The most popular trend in digital this year revolved (unsurprisingly) around printing, and the opportunities afforded by its swiftly rising quality and plummeting costs. “For us, it’s only going to get better,” said Kevin Spindler, Director of the UK-based company Signature Gifts, Inc. His company has been in the personalization market since 2003, but only expanded to the US in 2010; this year was their first Stationery Show. This expansion has been aided by improvements in the speed and cost at which they’re able to deliver quality products—even though those products are printed in the UK. “But pretty soon,” said Spindler, “we anticipate using remote digital print-fulfillment locations rather than shipping from the UK. Even if you order one of our books in Bismarck, ND, once we complete the design on our end, I picture sending the files to our digital print location in Bismarck, and having them produce and ship locally the next day.”

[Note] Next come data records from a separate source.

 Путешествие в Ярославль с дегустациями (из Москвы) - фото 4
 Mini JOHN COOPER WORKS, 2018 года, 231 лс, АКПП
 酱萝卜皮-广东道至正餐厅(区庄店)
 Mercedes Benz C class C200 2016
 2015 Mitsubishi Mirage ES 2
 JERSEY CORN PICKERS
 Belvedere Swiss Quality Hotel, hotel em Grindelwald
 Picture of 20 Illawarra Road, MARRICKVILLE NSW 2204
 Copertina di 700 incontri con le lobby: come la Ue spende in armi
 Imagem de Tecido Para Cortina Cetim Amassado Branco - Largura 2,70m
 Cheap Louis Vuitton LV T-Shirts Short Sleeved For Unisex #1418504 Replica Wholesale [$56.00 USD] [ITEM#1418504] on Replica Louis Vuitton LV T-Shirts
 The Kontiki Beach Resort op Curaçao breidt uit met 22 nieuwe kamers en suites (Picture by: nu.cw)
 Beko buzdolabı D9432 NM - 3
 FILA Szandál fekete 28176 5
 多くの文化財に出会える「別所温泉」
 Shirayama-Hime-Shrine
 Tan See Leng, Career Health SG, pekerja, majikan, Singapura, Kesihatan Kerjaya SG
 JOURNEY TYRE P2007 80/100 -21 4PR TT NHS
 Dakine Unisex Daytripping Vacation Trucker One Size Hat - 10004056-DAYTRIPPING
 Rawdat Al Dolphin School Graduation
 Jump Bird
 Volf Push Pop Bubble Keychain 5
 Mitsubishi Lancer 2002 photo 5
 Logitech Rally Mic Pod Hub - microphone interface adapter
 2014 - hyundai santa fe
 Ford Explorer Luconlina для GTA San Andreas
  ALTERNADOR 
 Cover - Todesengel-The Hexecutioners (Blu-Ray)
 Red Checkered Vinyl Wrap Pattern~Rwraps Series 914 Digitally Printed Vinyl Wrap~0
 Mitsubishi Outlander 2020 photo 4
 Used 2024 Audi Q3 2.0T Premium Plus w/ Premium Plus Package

Improvements in print technology seem to coming at just the right time: among all their personalized products, the most popular one, both at the Fair and in general, has been their line of personalized children’s picture and activity books. “These full-color products are where we can take the fullest advantage of the newest digital print development,” explains Spindler. Signature Gifts has also benefited from refinements to the instant preview software that lets online retailers give customers an accurate idea of what their finished book will look like.
These digital services are part of what Spindler thinks makes online retail advantageous—a conclusion that may sound like a declaration of the earth’s roundness, but which he constantly finds himself arguing for at events like the Stationery Show. Yes, it’s tiring to get stand-offish vibes when someone realizes you’re an online-only business, but more importantly, he says, “If bricks-and-mortars are honing their focus onto a product and experience you can’t get online, why wouldn’t an online retailer be doing more to offer—above and beyond convenience—an experience and a product you can’t get in a bricks-and-mortar?”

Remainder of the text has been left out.